Great write up.. I did this mod last year and have loved it.. I find it incredibly insulting that Mazda trusts me to DRIVE the car, but not handle the "complexities" of their vent system..

Saved lots on gas.. and eliminated all the "fog" problems I was having.. do it! :)

Hey Fraay

How much did you calculate or estimate that you saved on gas?

Mike

xfimpg
04-17-2004, 04:46 PM
Thanks to everyone who contributed to this solution!
I just finished mine and am looking forward to the results.

Mike

willy65000
05-07-2004, 11:08 PM
Verry nice. Now if you could just tell me how to do that on My Mazda 3.

chuyler1
06-09-2004, 10:59 PM
Sorry to ressurect this but I wanted this done from the day I got my P5. I like to run the heat through the defrost-floor in the winter time because it keeps the dry air from blowing in my face (and making my eyes dry out). However, I also like to get good gas milage which won't happen if I'm running the A/C all winter long.

Excellent post! This should be sticky if it isn't already.

eting_pro5
10-29-2004, 02:51 PM
Woah woah woah....mega serious question.

The ventilation system is always moving air through it, even when it's off.
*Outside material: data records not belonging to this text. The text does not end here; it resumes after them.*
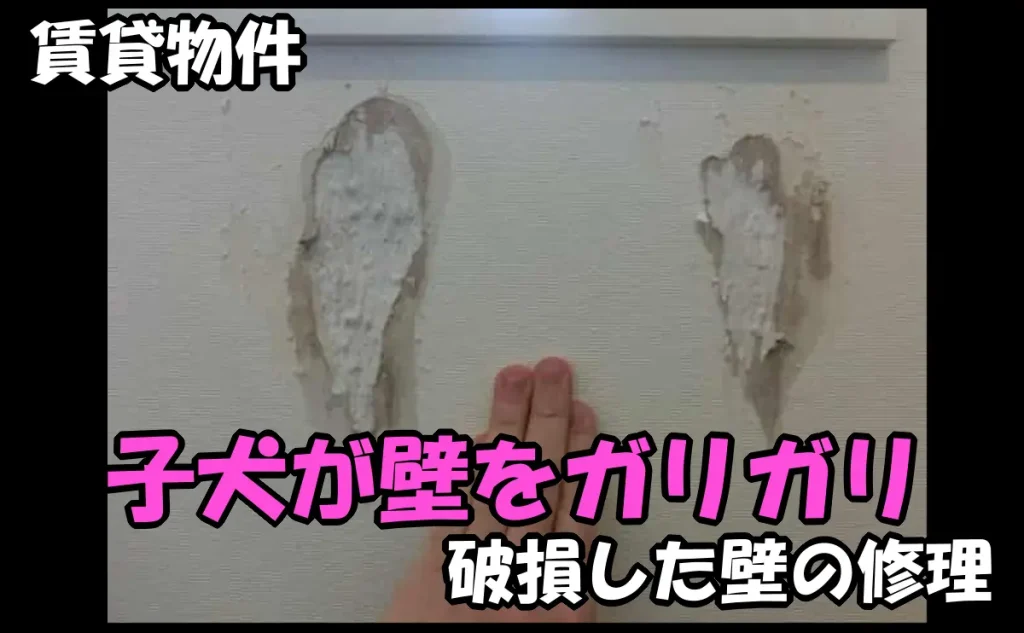 「子犬が賃貸物件の壁をガリガリして破損した壁の修理【世田谷区】」のアイキャッチ画像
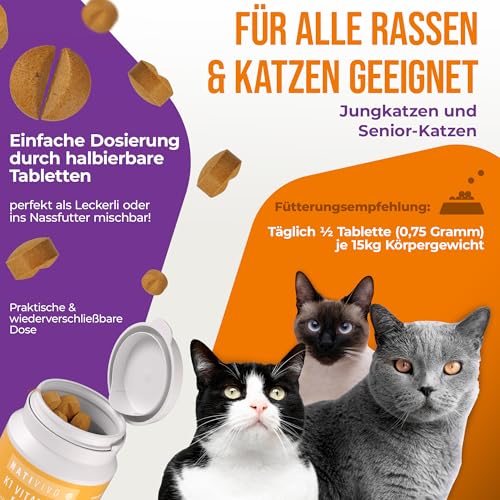 NatiVivo K1 Vitamin B Komplex Katze – hochdosierte Hunde Vitamine mit Vitamin B1, B12 & Folsäure Vitamine für Katzen 120 Premium Tabletten Made in Germany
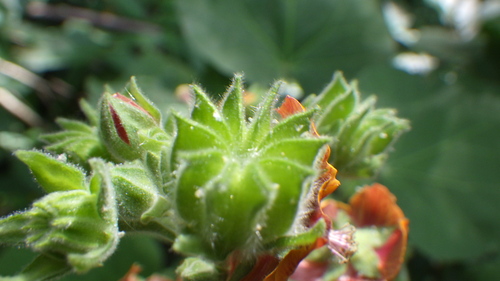 Abutilon auritum image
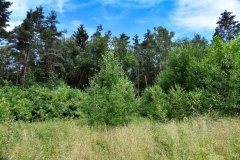 Nr.-39-Langer-Damm-Weiher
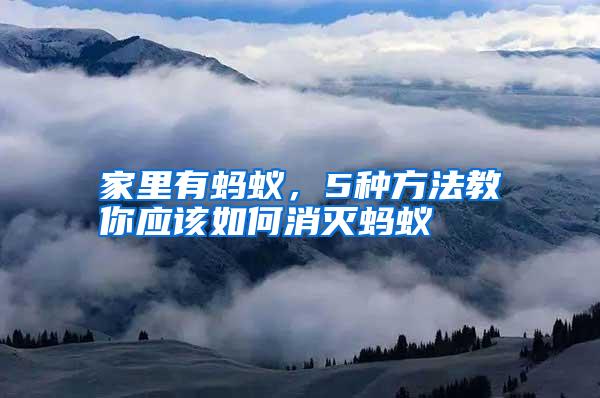 家里有螞蟻,5種方法教你應該如何消滅螞蟻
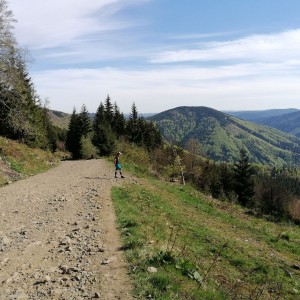 Křížcci na Lysé hoře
Additionally, although the blower is turned to 0, the temperature dial still has a noticable effect on the air coming out.

Does this mean if I leave the controls on defrost and the blower to 0, is my AC still on??? If so, I think Mazda owes me a few grand in gas money....I've never gotten good gas mileage, but I always drive with the vent control on defrost.

Bumble G
10-29-2004, 04:24 PM
Woah woah woah....mega serious question.

The ventilation system is always moving air through it, even when it's off. Additionally, although the blower is turned to 0, the temperature dial still has a noticable effect on the air coming out.

Does this mean if I leave the controls on defrost and the blower to 0, is my AC still on??? If so, I think Mazda owes me a few grand in gas money....I've never gotten good gas mileage, but I always drive with the vent control on defrost.
No your A/C is not on when the switch is at 0.

The temp dial makes a difference because it's hooked up to a manual "door" that alows engine cooland to either come into the heater core or not. The air flowing in from outside always passes over the heater core. when you turn the dial to hot, hot coolant runs into the heater core, the outside air passes over the hot core and voila hot air with setting still at 0.

Blown
10-29-2004, 04:31 PM
Would there be a built in software solution. I know on my 2001 civic, holding a couple buttons while turning the ignition on disabled it.

Dexter
10-29-2004, 04:56 PM
^ Doubt it. I dont think the control board is that intelligent.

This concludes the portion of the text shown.